_What needs to be done_.
Scan the material below for every line with the string "Samsung", and copy those lines.

─── Record set

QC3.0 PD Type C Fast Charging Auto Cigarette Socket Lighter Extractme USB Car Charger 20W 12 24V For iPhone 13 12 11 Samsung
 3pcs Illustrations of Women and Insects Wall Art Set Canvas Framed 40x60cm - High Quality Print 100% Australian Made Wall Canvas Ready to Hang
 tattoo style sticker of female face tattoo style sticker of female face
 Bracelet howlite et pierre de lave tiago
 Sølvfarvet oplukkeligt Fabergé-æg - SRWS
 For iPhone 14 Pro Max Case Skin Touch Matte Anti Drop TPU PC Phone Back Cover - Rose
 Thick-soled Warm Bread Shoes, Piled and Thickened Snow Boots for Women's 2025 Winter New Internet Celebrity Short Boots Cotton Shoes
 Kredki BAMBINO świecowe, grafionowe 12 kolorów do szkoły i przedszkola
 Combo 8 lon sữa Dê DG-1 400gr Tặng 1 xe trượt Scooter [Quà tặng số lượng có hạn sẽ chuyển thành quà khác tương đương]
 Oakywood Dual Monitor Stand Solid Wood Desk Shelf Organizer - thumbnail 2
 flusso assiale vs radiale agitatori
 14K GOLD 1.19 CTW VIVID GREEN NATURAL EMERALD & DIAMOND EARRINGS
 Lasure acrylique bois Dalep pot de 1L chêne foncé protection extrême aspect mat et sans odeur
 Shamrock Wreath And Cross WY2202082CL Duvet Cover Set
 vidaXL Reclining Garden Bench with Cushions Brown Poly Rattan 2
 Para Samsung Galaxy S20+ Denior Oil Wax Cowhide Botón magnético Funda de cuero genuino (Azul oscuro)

──────

_Solution to the exercise_.
QC3.0 PD Type C Fast Charging Auto Cigarette Socket Lighter Extractme USB Car Charger 20W 12 24V For iPhone 13 12 11 Samsung
 Para Samsung Galaxy S20+ Denior Oil Wax Cowhide Botón magnético Funda de cuero genuino (Azul oscuro)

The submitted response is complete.